(Pictures with short captions)
☆ ☆ ☆

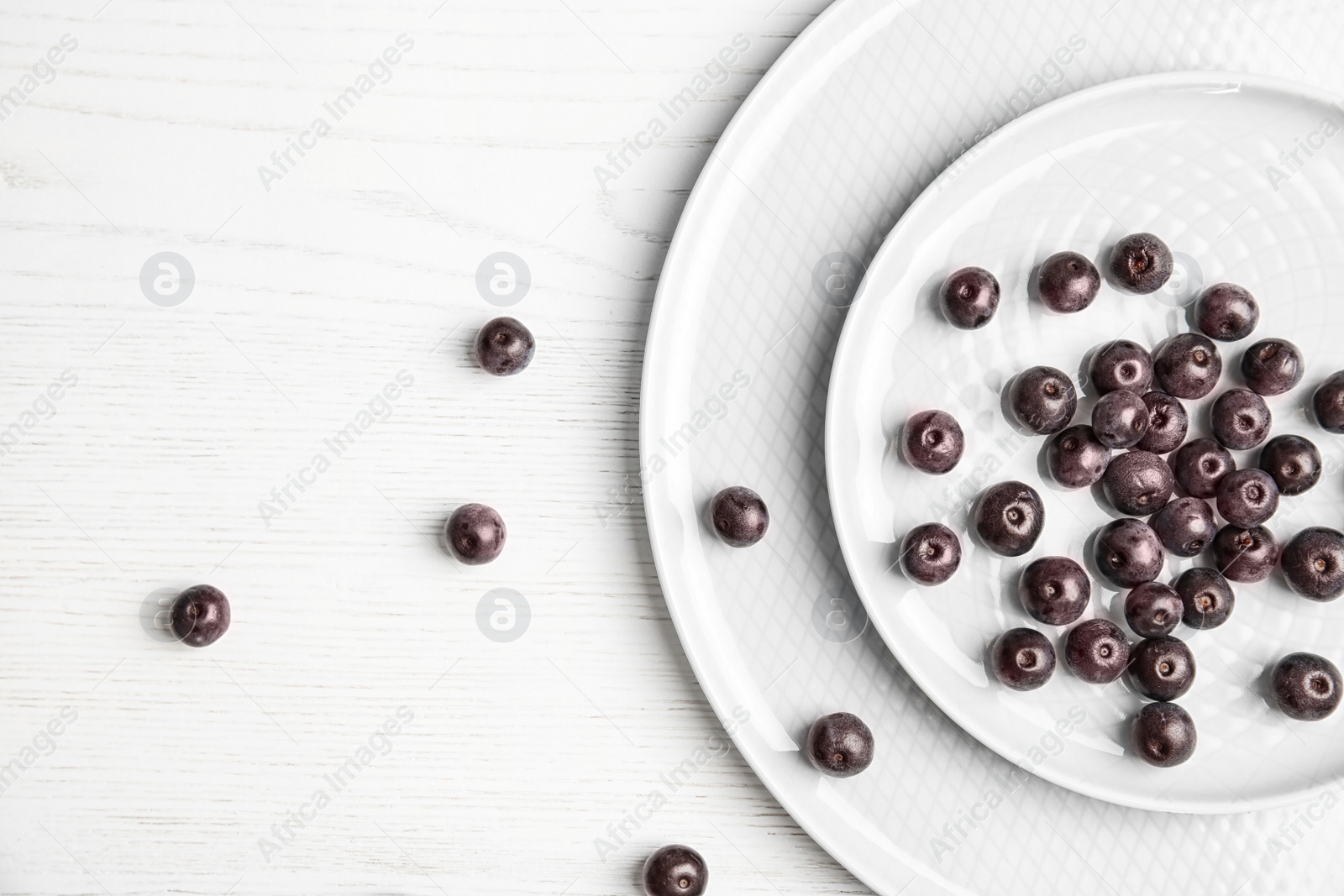 Photo of Plates with fresh acai berries on wooden table, top view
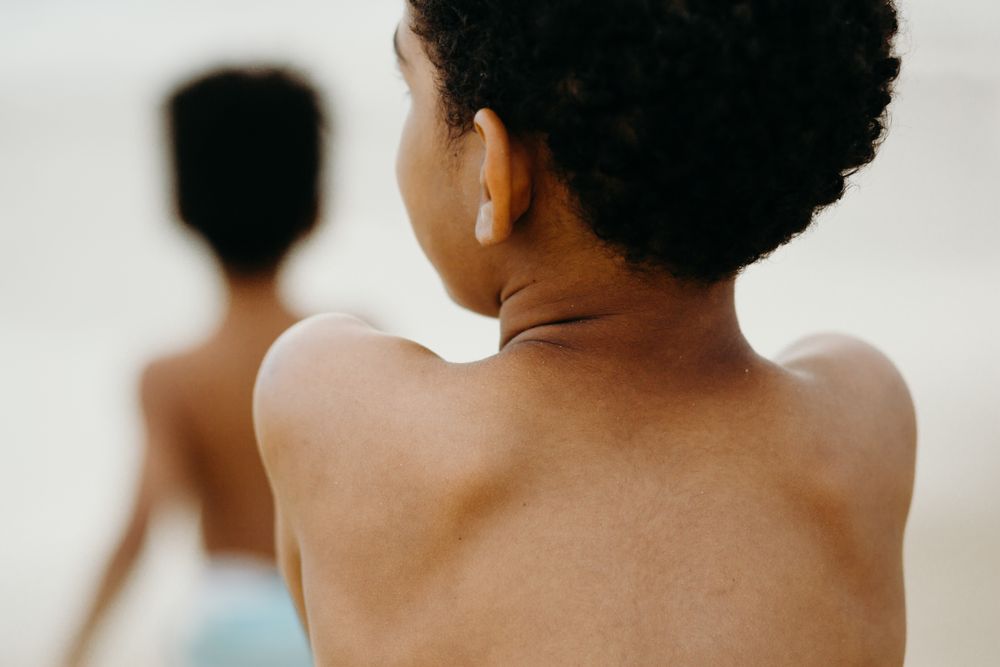Naked back of anonymous Black kid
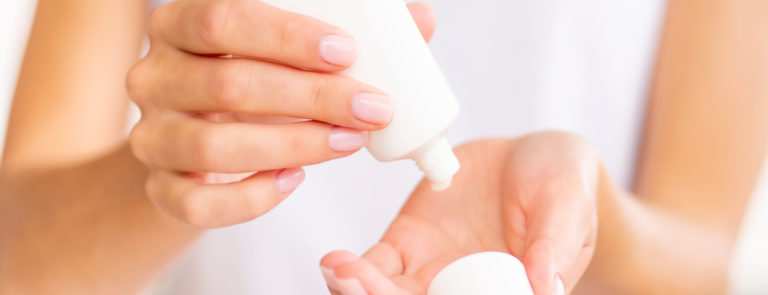applying cream to hands to treat contact dermatitis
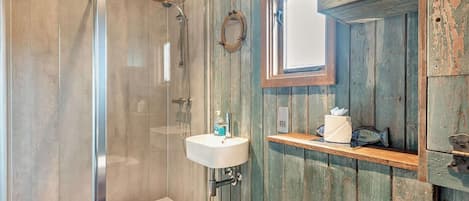 A bathroom with a glass-enclosed shower, a white sink, and wooden walls.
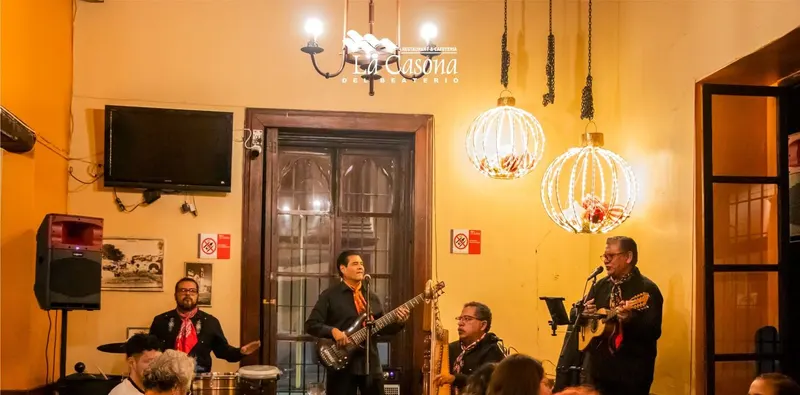 Grupo tocando en vivo entre las mesas de La Casona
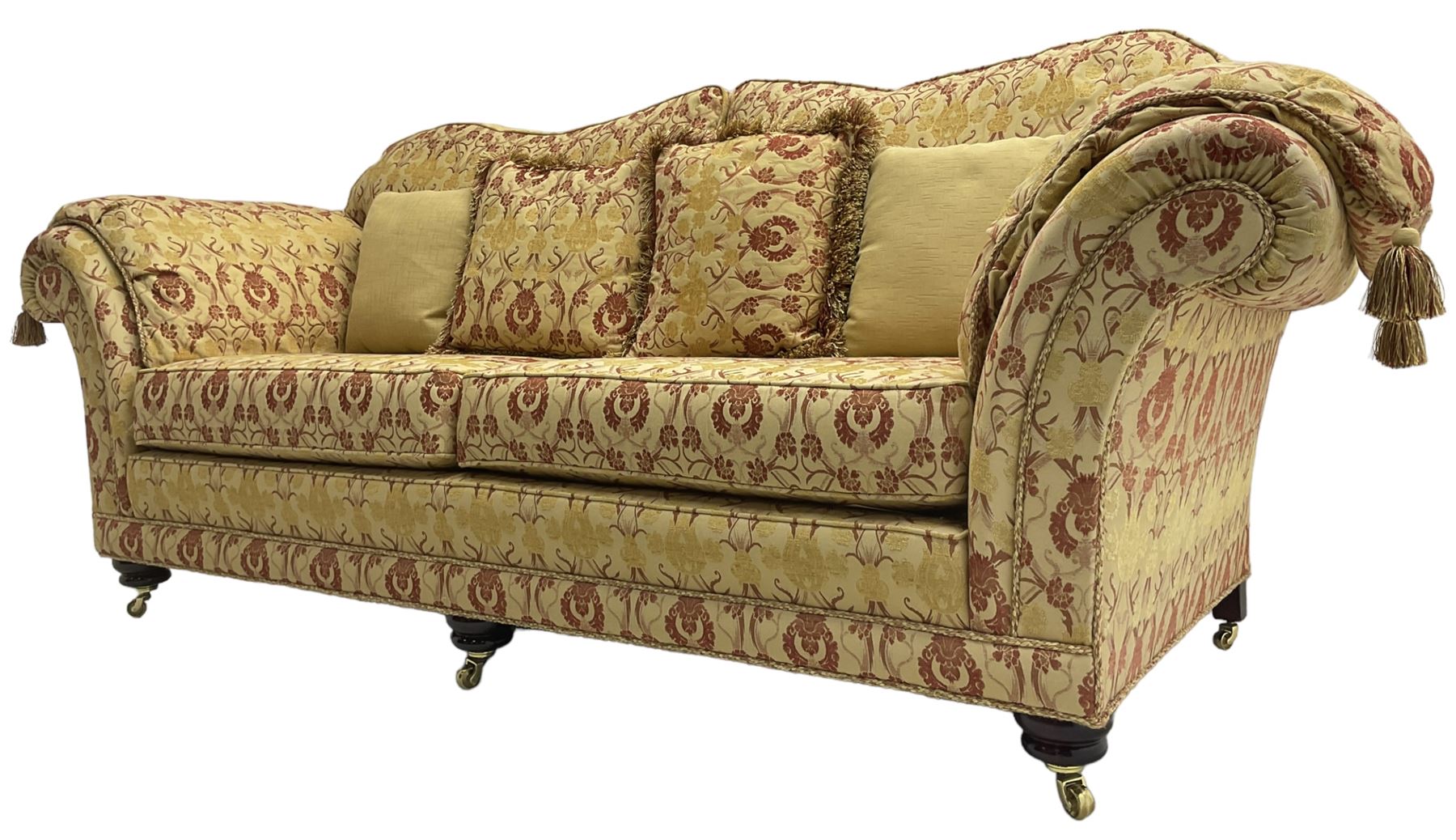 Steed Upholstery Ltd. - 'Lincoln' three-seat sofa upholstered in gold 'Olympia' floral pattern corded and tasselled fabric, together with scatter cushions and arm covers, on turned feet with brass castors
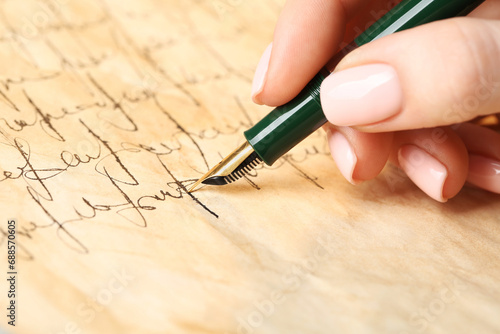 Woman writing letter with fountain pen  closeup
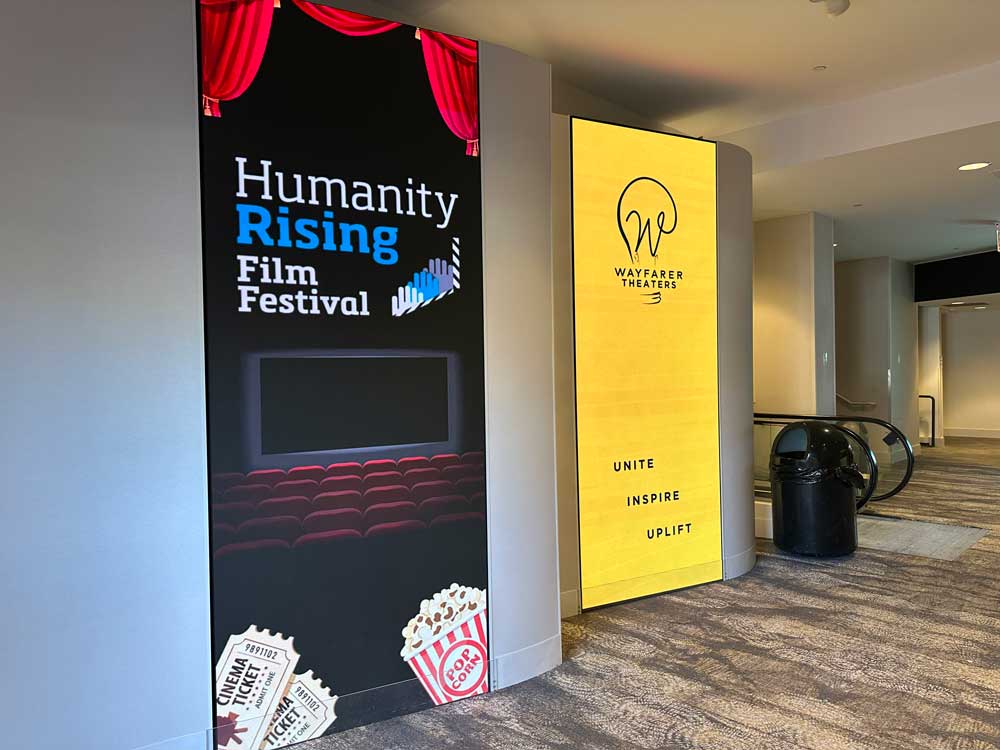 Humanity Rising Film Festival sign next to Wayfarer Theater sign in the lobby of the theater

☆ ☆ ☆

◆ **What is expected**
Set down word for word the lines from the opening of the entries above through the line that contains "A bathroom with", and omit every picture.

◆ **Answer for this exercise**
 Photo of Plates with fresh acai berries on wooden table, top view
Naked back of anonymous Black kid
applying cream to hands to treat contact dermatitis
 A bathroom with a glass-enclosed shower, a white sink, and wooden walls.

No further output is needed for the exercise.